I do not recommend multi providers either because 1 can trade 50 bets a month be 80% ITM and 2 more can trade 150 bets and be
65% ITM but unless they can all trade around the same number of bets and have close to the same accuracy every month it will not work and
with 3x the cost it probably will not help you make money either. My advice Find a good provider with a proven track record and also education and a price that fits your start up capital and go with them. This is about numbers and making them work for you at the end of the day.
I would like to first submit this quote from Warren Buffett:
“Diversification is protection against ignorance, it makes little sense for those who know what they’re doing.”
I am not insulting you LOB I am just sharing a quote from MR. Buffett but what does he know anyway. Statistically
There were 650+ mutual funds completely wiped out since 2005 in the USA alone but I guess if guys diversified into 700
They are OK. We are talking about bets here not even trades so take some of all that money you are making and put it to
good use and write yourself a reality check. Offshore bins are way more risky than what any of those mutual funds were trading and
how did it work for them or are you to slow to get my point. BTW I am fine with intelligent conversation and fine with you
conducting yourself however you see fit even insulting me as long as you are fine with the concept of reciprocity.

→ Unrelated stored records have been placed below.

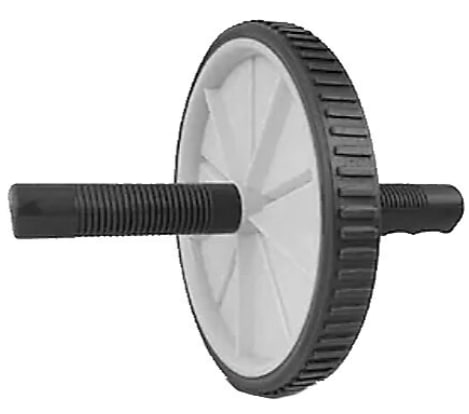 https://storage.alifshop.tj/media/images/alifshop/34559/espander-rolikovyy-chernyy-1744099469808.png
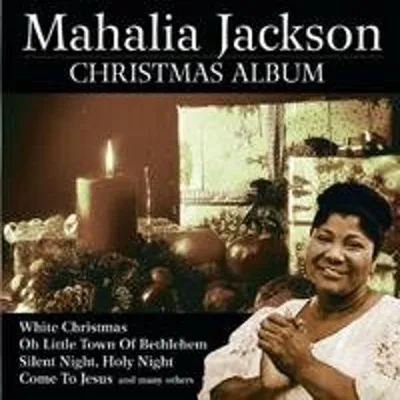 Produktbild von Christmas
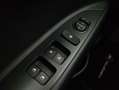 Kia Stonic 1.0 T-GDi MHEV Concept 100 Rojo - thumbnail 21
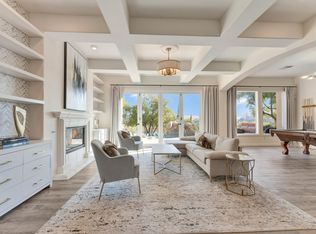 904 Pont Chartrain Dr, Las Vegas, NV 89145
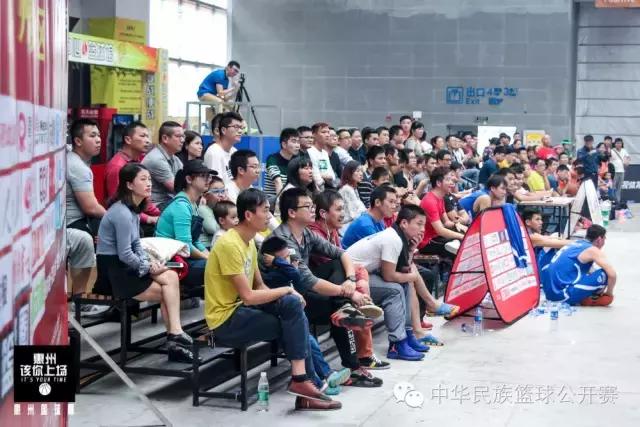 2023NBL全明星赛落幕,2023nbl全明星比赛直播回放视频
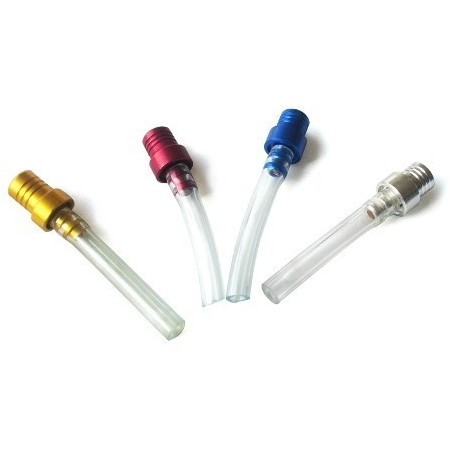 Valvula respiradero deposito gasolina pit bike - Roanracing.com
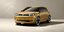 Volkswagen ID Every1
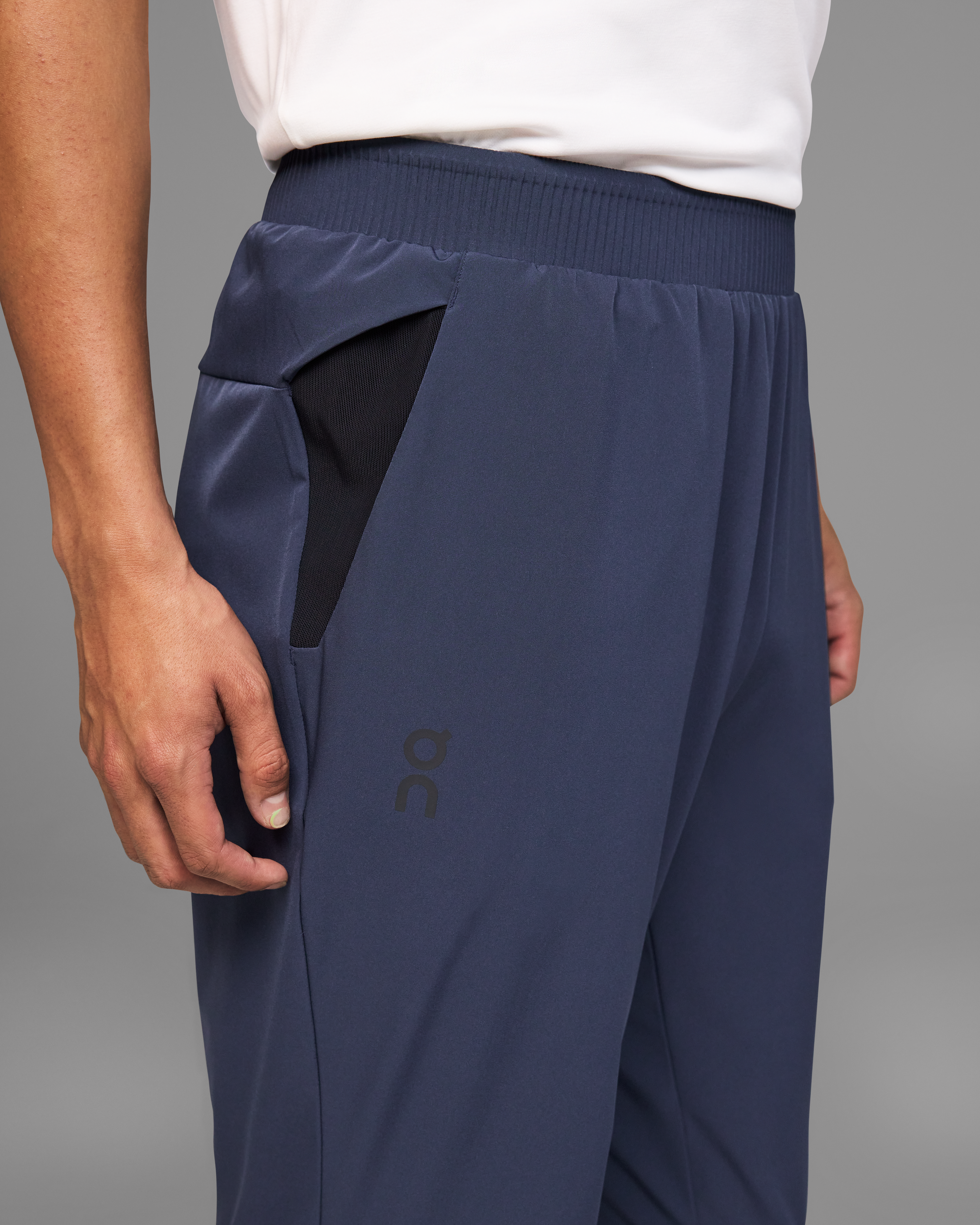 Movement Pants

Nothing I mentioned was addressed at all. You just began to weave a magical theoretical tale of great fortune by picking up to five currently good providers.
Correlation: Regardless of if they trade the same pairs same time or not this will blur your diversification. If you do not see that then you are DIM
Payouts will not be equal among all parties: So even high ITM with 7x% will not go as far to balance lower ITM with 6x% payouts
Frequency of bets will not match: shorter term punters will bet more often because they are looking at smaller pockets of data
and spotting more opportunities ( because there are more candles to produce said opportunities )
Different platforms different Risk management: Each one of them applies different methods to protect their interests. Are all the imaginary people in " lots of theory " world comparably skilled at dealing with these issues.
Signals and psychology: More bets = more drawdown and more people to trust with your money over the same FIXED amount of time.
This is probably the largest REAL obstacle the theory faces between actually working in reality. Unless you have 100K of segregated recreational
funds at a point the draw down + reality of human psychology shoots down your plane to fantasy island.
So Alicia just in case you are still " Clueless " as to what I am getting at here at the end of the day by spreading your money over even more providers you have just as much or even more chance of not getting a dime out of one or more of the brokers or in lots of theory world will every single one of them all payout. This just scratches the surface on the many variables you ignored while you were so busy flinging insults.